2. If the mailbox still has more than N items, then throw away the message.
This is a really dumb way to approximate a fixed size mailbox, and doesn't allow for an immediate refusal.
The questionable Scala code is pulled from recently written O'Reilly book on Scala. I haven't read it myself, but it's probably not as good as "Programming in Scala" (Odersky et al), which covers Actors+Concurrency in Chapter 30.
Needless to say, Scala also has access to all the Java concurrency primitives and libraries. I believe there's a Scala STM library as well.
Definitely one of the better postings I've seen on HN.
In very little space it teaches you a lot about clojure + scala + concurrency. And it seems to me (coming from a scheme + java background, so with no particular horse in the race) to be a rather honest comparison.
I'm eager to see what the Scala community responds with (and hoping they take the time to show code).
That design is poor. There should be an actor modeling the seats (passed a customer and as a non-blocking operation either seats them or ejects them) and an actor modeling the barber (loops doing a blocking poll of the seats for a customer and doing the haircut).
Deadlocks Race conditions
A bit off-topic, but I see statements like this all the time, and I always wonder: why is it assumed that you're going to throw together an aggressive design that shoots for theoretically optimally performance, and then trying to ferret out the bugs? Ideally, the solution will be both correct and optimally performant, but if you're worried that you aren't going to get it right, you should start thinking about the best way to fail. It seems wiser to start with a simple dumb solution you know is correct and work carefully towards a more complex, better-performing solution. In that case you would list "crappy performance" as the primary thing that can go wrong in a concurrent system -- but nobody ever does. They're worried about bugs. That means that when they're done with their first attempt, they'll be confident in its performance but not in its correctness.

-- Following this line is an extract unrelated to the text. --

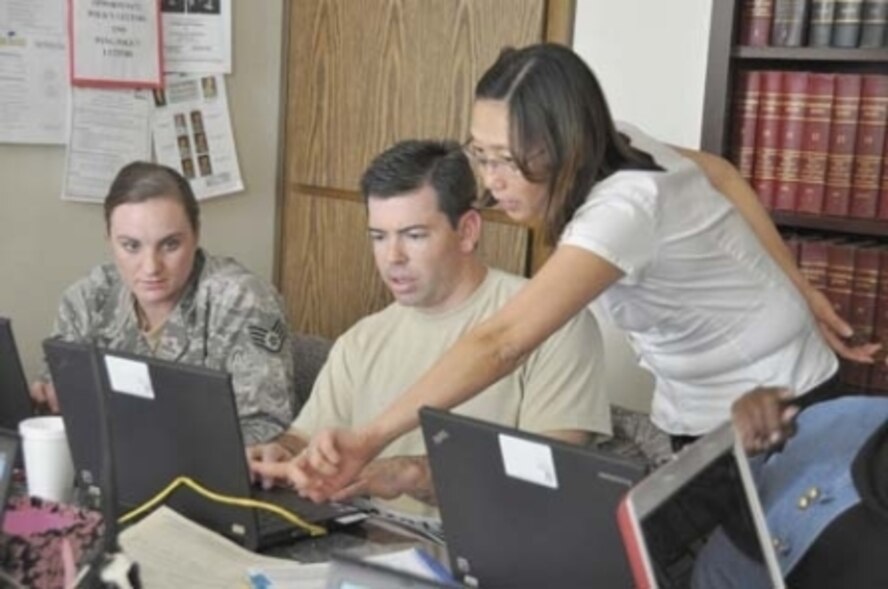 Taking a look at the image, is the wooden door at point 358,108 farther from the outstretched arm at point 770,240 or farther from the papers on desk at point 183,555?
the papers on desk at point 183,555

Here's why I think it's better to start with a simple dumb solution and work from there: you can stop short of an ideal solution. Maybe you only have to optimize it well enough so that it isn't the scaling bottleneck. Or maybe you can just deploy it and tolerate the performance limitations. If you start with code that has the optimal performance characterists but isn't correct, you can't deploy it until you fix all the bugs. You've committed yourself to creating an ideal solution, even though an ideal solution might not be necessary.